## What is being asked:
Nothing but the lines below from the one containing "Le Dojo Du Plessis" through the one containing "Pterygodium bicolorum" should appear in the answer, exact and without pictures.

[Dataset records]
Start of Block
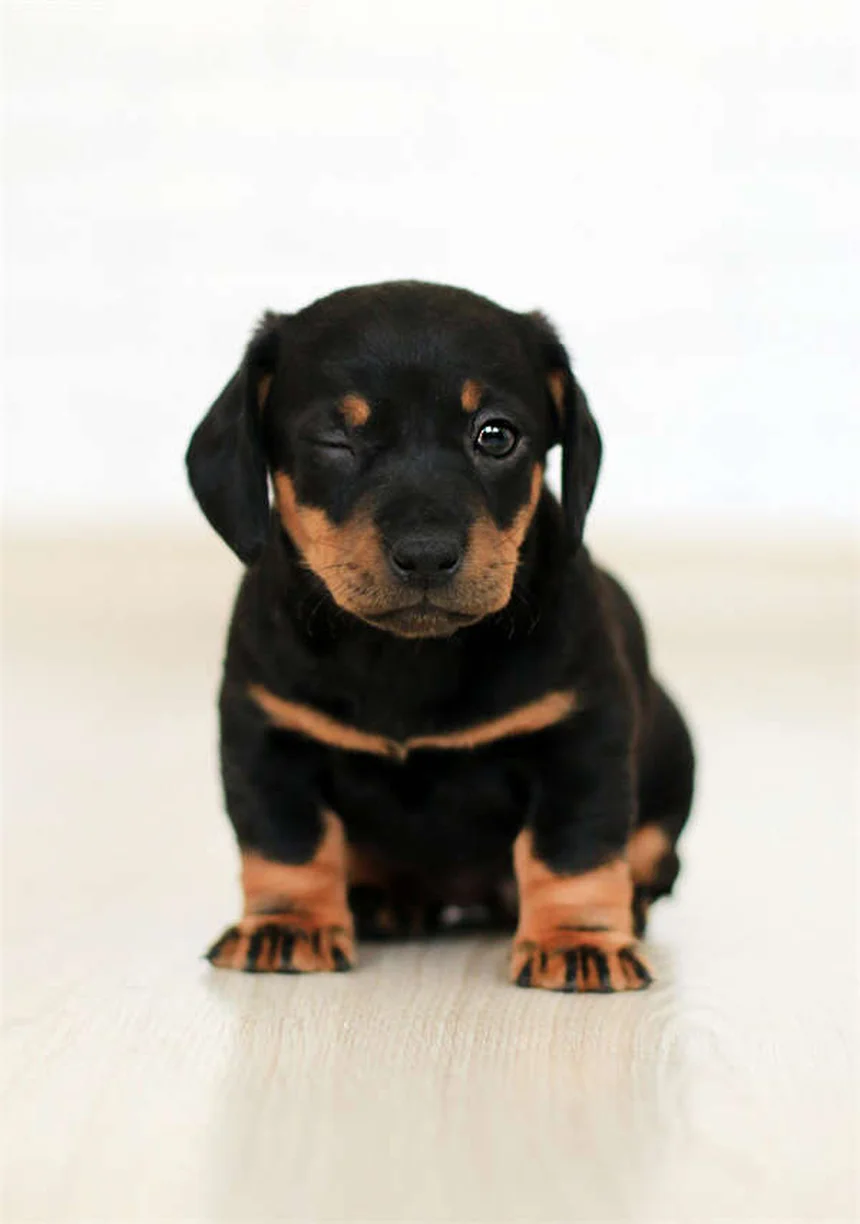 Thyro-Tabs® Canine : Le Guide Complet pour Traiter l'Hypothyroïdie chez le Chien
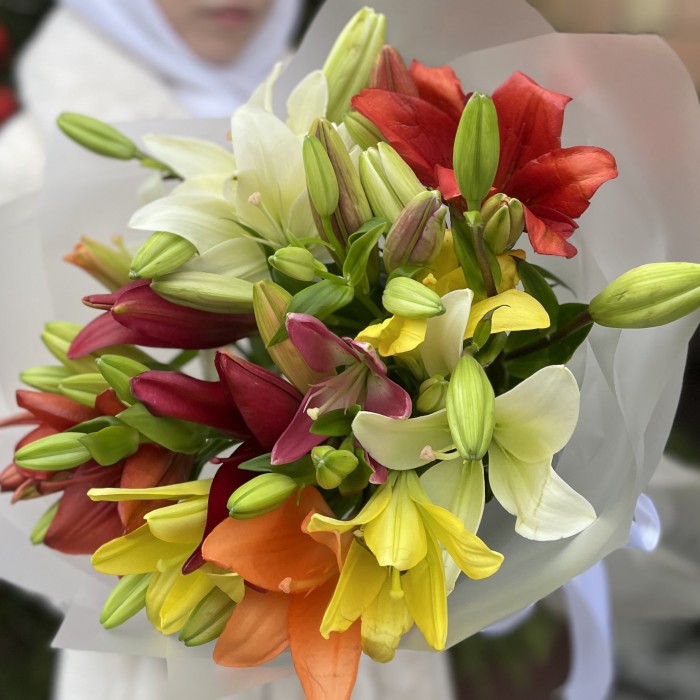 Микс из 9 Азиатских лилий
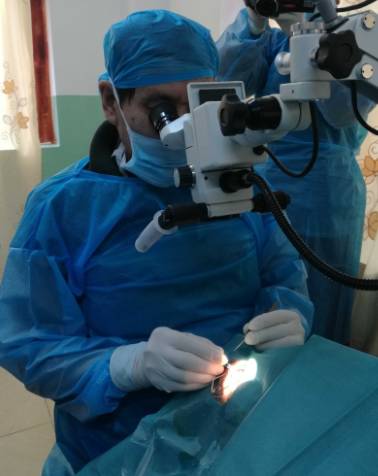 2017年8月1日,霍鸣教授正式受聘为宜昌易游体育院长 2017年8月1日,霍鸣教授正式受聘为宜昌易游体育院长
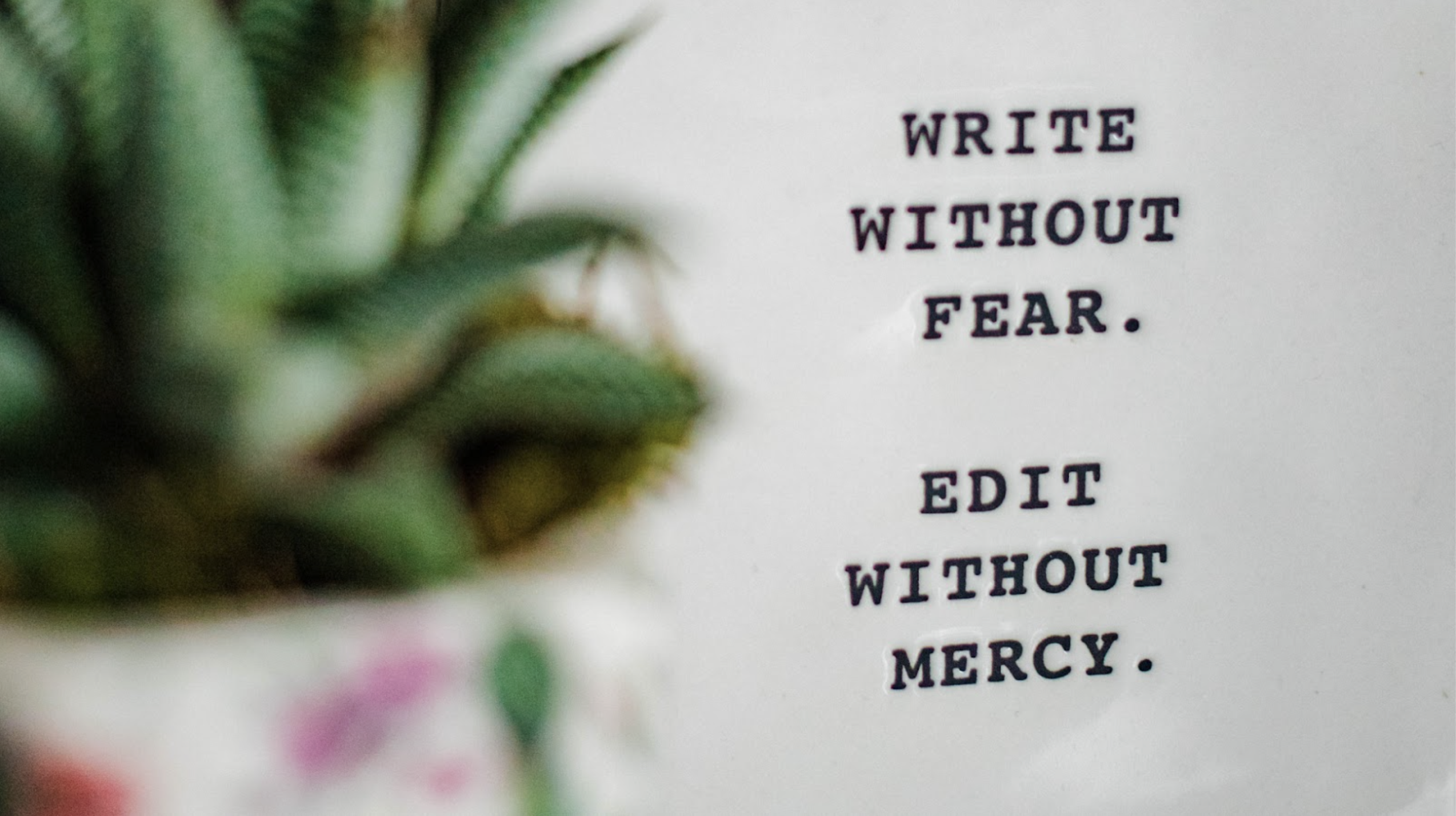 a white box with writing on it that reads "write without fear. edit without mercy."next to a plant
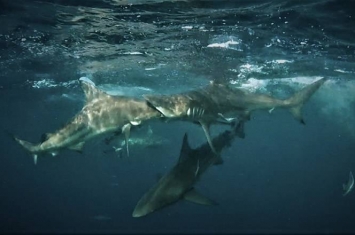 南非开普敦摄影师Mia Vorster拍到黑鳍鲨张口吞同类的惊人画面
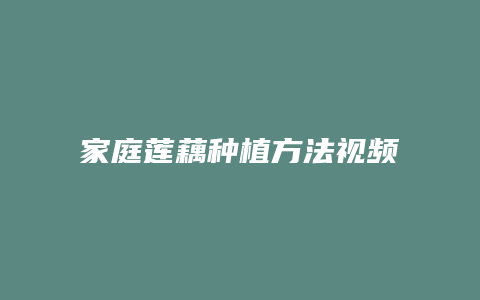 家庭莲藕种植方法视频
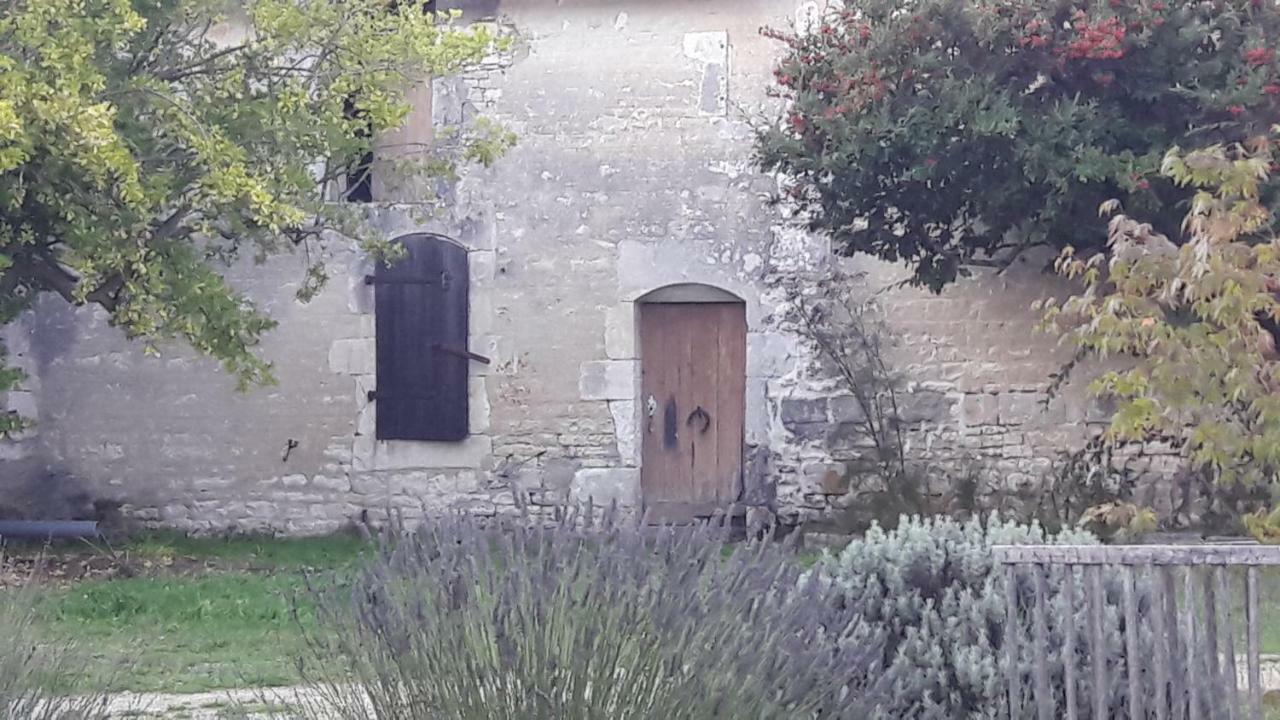 Le Dojo Du Plessis Bed and Breakfast Mareuil  Eksteriør billede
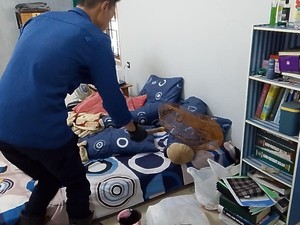 Kucing Liar dari Kuburan Acak-acak Rumah, Warga Kuningan Panggil Damkar
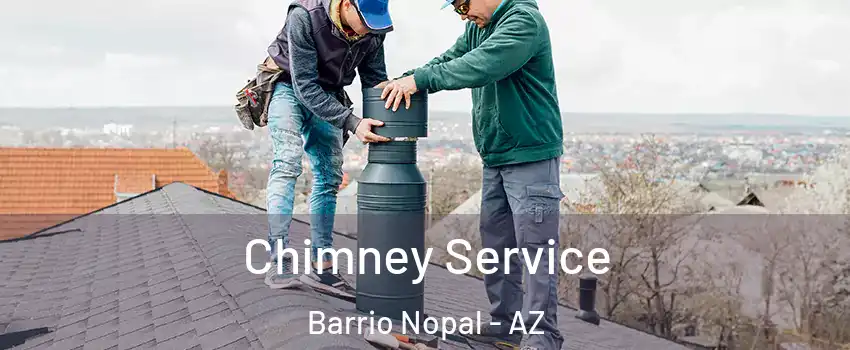 Chimney Service Barrio Nopal - AZ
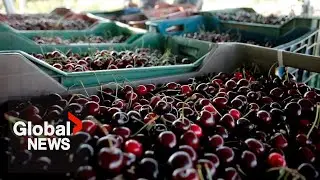 BC tree fruit growers in shock after co-op&rsquo;s sudden collapse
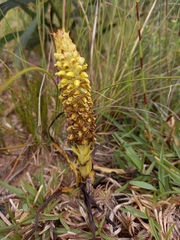 Pterygodium bicolorum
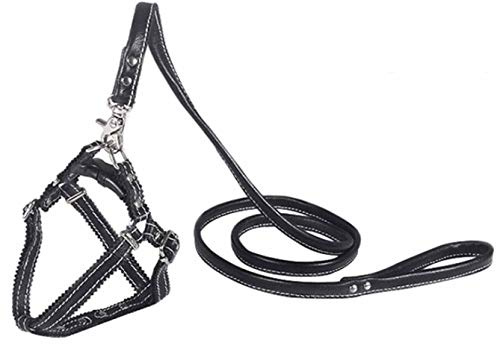 Hundegeschirr Kleine Hunde Leder Verstellbar feiling Hundegeschirr Welpen Brustgeschirr Haustier Ausbruchsicher Katzengeschirr Ledergeschirr Weichem mit 1.3m Hundeleine Leder (Schwarz)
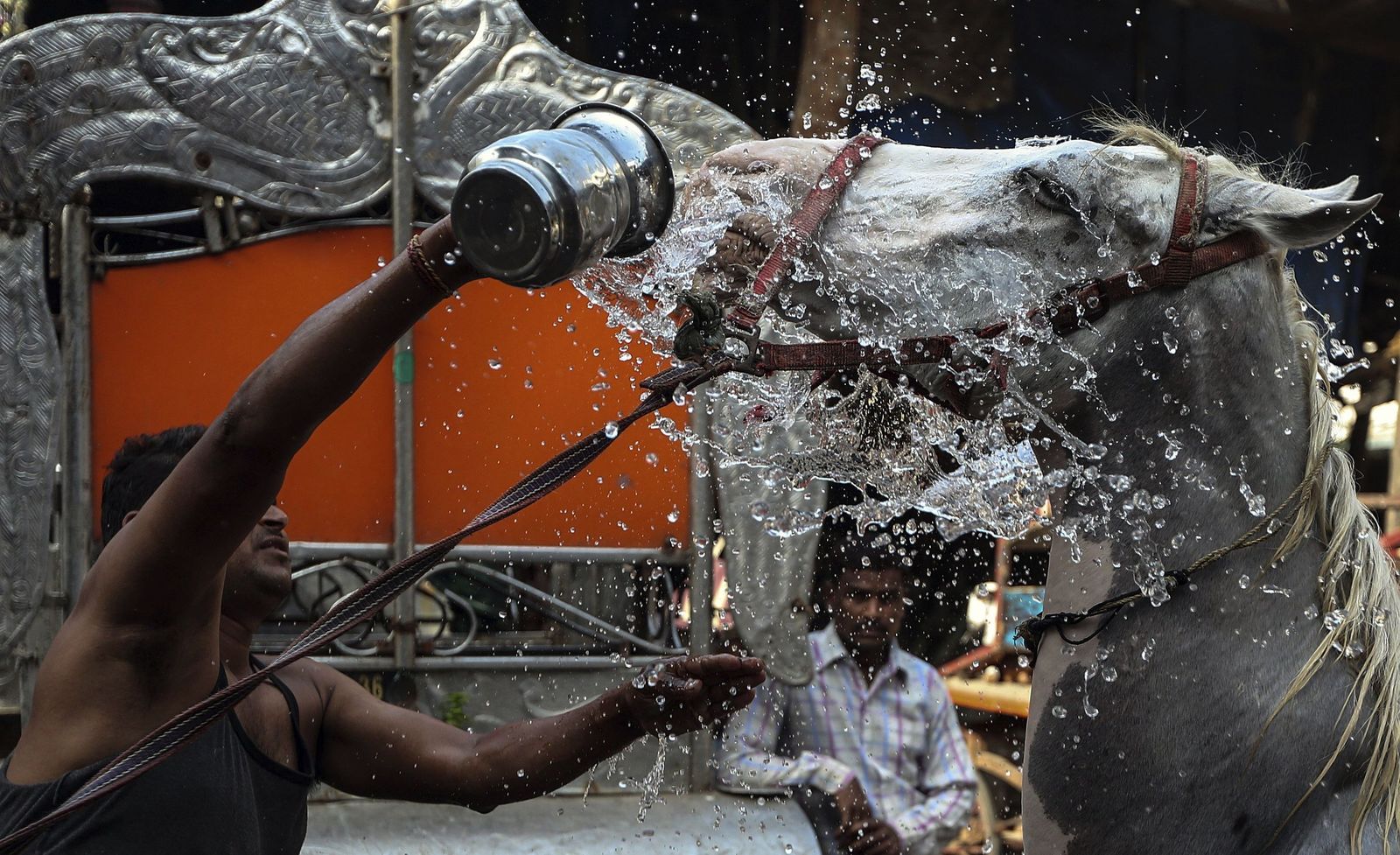 Un hombre refresca a un caballo.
End of Block
## Written answer:
 Le Dojo Du Plessis Bed and Breakfast Mareuil  Eksteriør billede
 Kucing Liar dari Kuburan Acak-acak Rumah, Warga Kuningan Panggil Damkar
 Chimney Service Barrio Nopal - AZ
 BC tree fruit growers in shock after co-op&rsquo;s sudden collapse
 Pterygodium bicolorum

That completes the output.